• [What you will do] Your reply should consist only of the lines from the one with "this 1204×983 image." through the end of the entries, transcribed exactly. Pictures stay out.

Images for object localization:
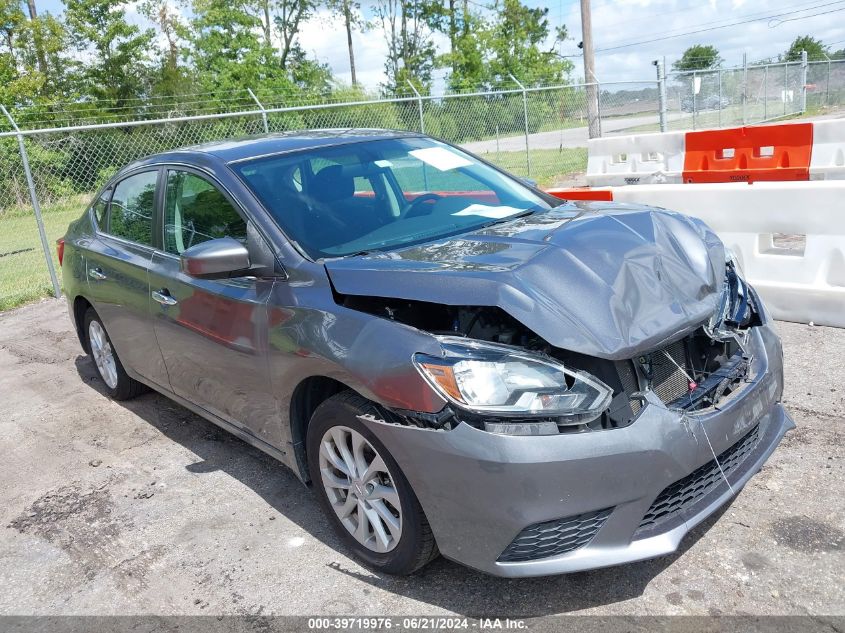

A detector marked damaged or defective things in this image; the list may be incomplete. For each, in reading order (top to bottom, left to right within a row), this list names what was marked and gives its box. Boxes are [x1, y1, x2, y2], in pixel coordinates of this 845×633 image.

damaged gray sedan [59, 130, 792, 576]
broken headlight [412, 334, 608, 428]
crumpled front hood [324, 202, 724, 360]
cracked bumper [362, 324, 792, 576]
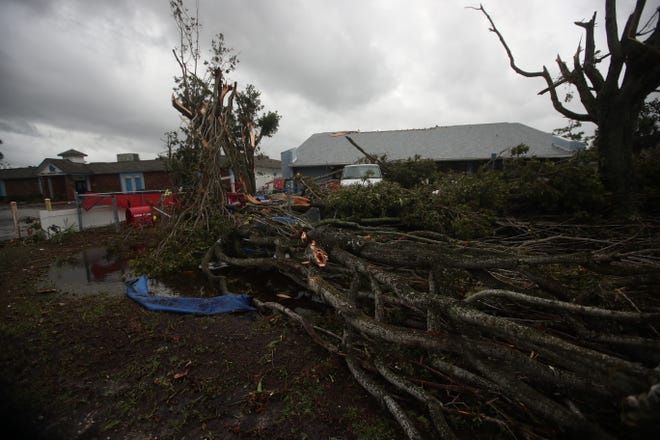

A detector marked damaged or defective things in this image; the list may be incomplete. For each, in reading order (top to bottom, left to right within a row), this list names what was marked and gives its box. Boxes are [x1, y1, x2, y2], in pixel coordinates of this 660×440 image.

damaged roof [292, 122, 584, 167]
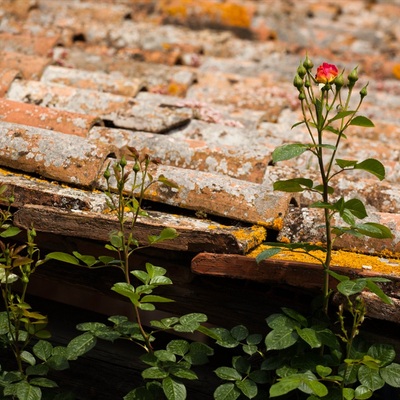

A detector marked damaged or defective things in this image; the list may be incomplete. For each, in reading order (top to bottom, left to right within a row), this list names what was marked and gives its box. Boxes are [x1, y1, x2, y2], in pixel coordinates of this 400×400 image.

broken roof tile [0, 99, 101, 137]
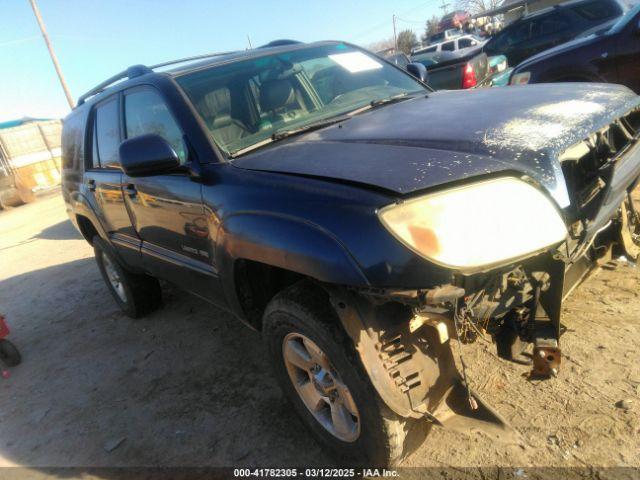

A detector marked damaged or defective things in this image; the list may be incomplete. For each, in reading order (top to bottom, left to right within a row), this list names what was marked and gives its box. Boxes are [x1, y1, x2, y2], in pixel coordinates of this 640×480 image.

damaged black suv [62, 41, 640, 464]
broken headlight assembly [378, 176, 568, 270]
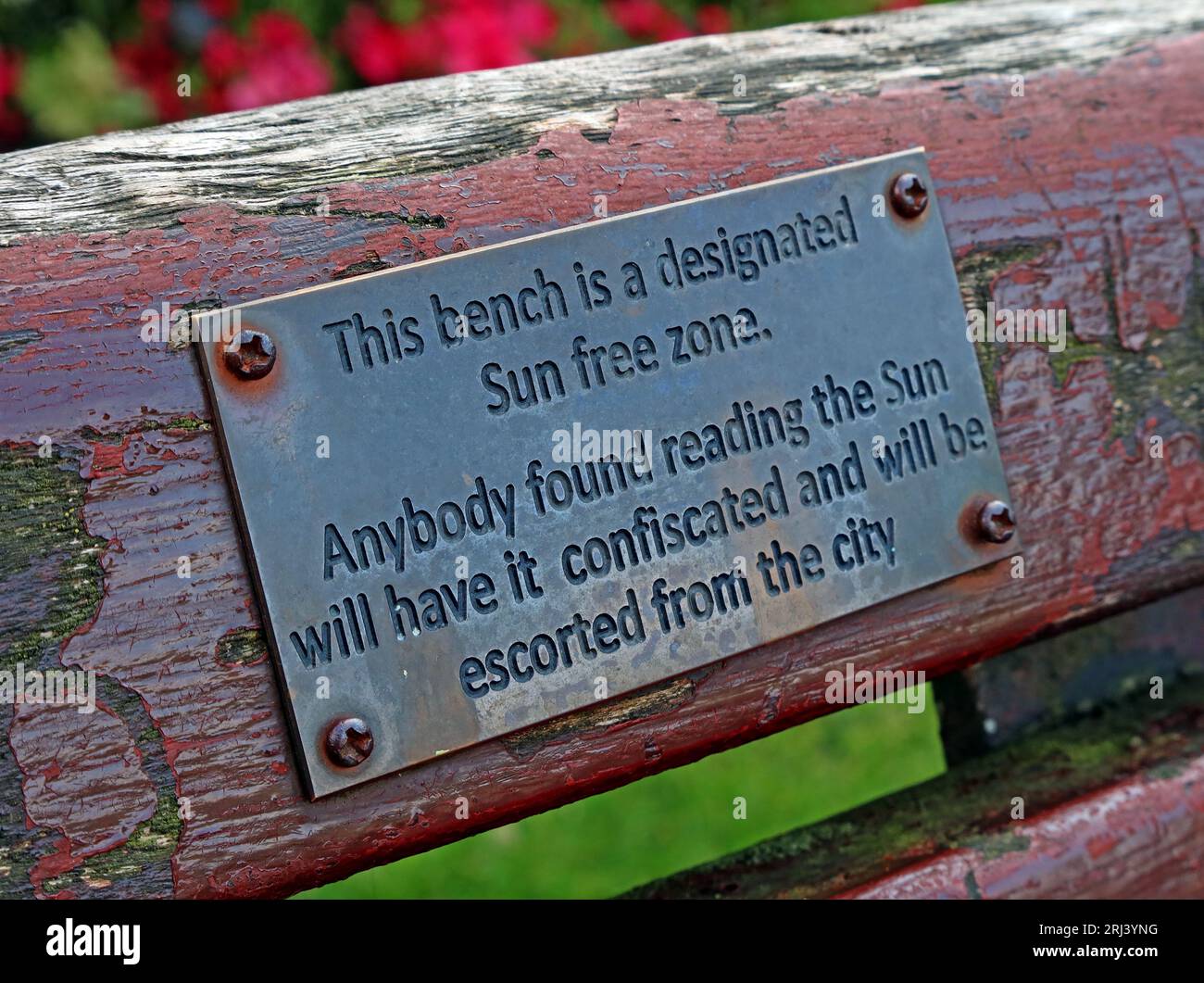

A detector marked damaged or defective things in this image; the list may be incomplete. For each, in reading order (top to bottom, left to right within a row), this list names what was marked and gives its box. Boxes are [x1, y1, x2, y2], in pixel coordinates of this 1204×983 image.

rusty screw [885, 173, 922, 220]
rusty screw [220, 330, 274, 380]
rusty screw [978, 500, 1015, 548]
rusty screw [320, 715, 372, 771]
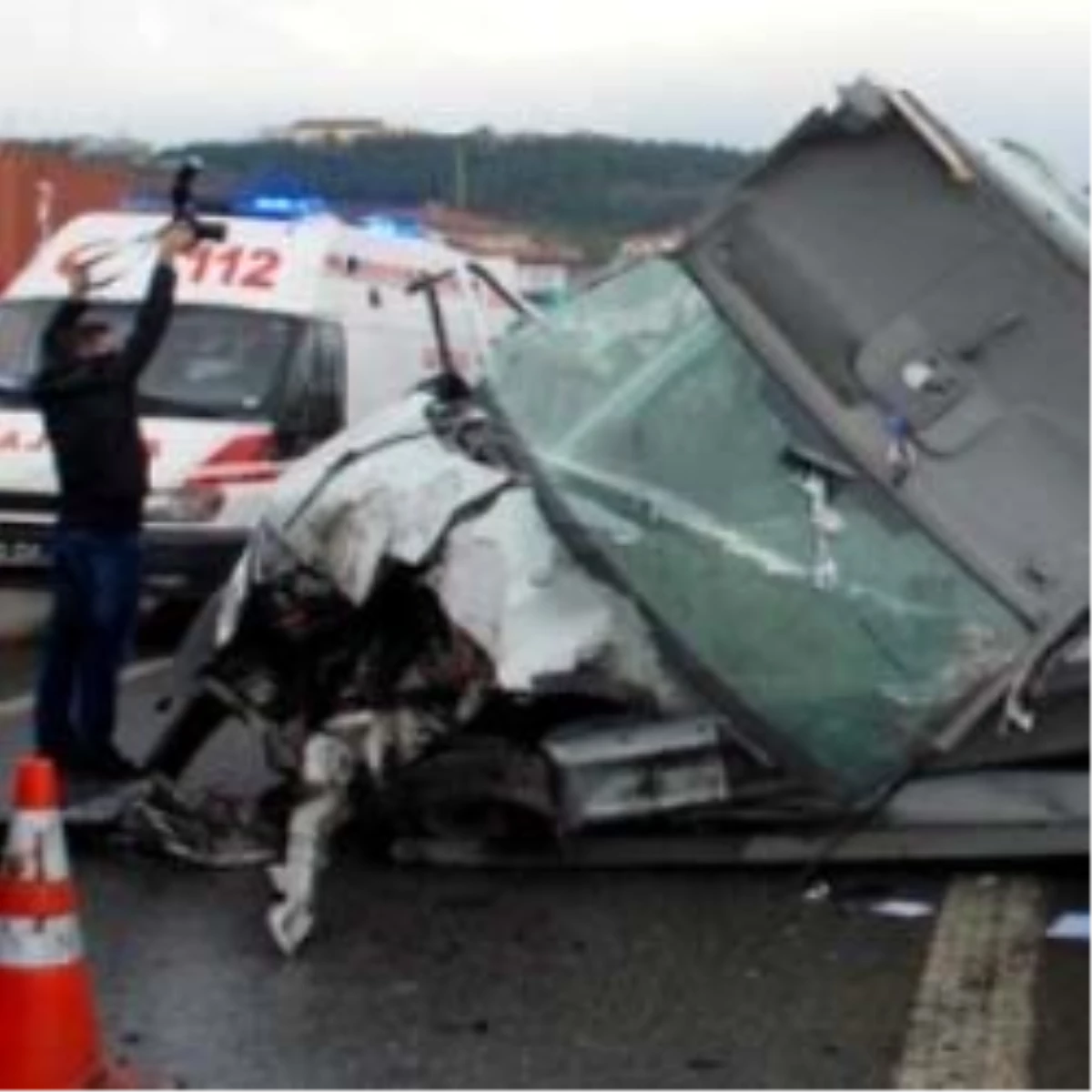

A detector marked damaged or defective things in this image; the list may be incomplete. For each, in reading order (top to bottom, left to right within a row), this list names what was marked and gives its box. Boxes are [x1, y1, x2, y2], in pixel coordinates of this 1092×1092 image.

• [Finished task]
A detector marked damaged or defective things in this image; the list may be incomplete. For each, in reading order (top to bottom, left to right within a row), this list names what was marked and gives its box. Boxes are [x1, y1, x2, y2], in pixel coordinates of this 1204×983 image.

rusty screw [885, 173, 922, 220]
rusty screw [220, 330, 274, 380]
rusty screw [978, 500, 1015, 548]
rusty screw [320, 715, 372, 771]

A detector marked damaged or defective things in this image; the list may be incomplete. For each, in reading order (top to bottom, left to right within a row), this list names what was marked and gives its box. Boxes are [x1, y1, x2, y2], in pixel coordinates of this 1092×1092 image.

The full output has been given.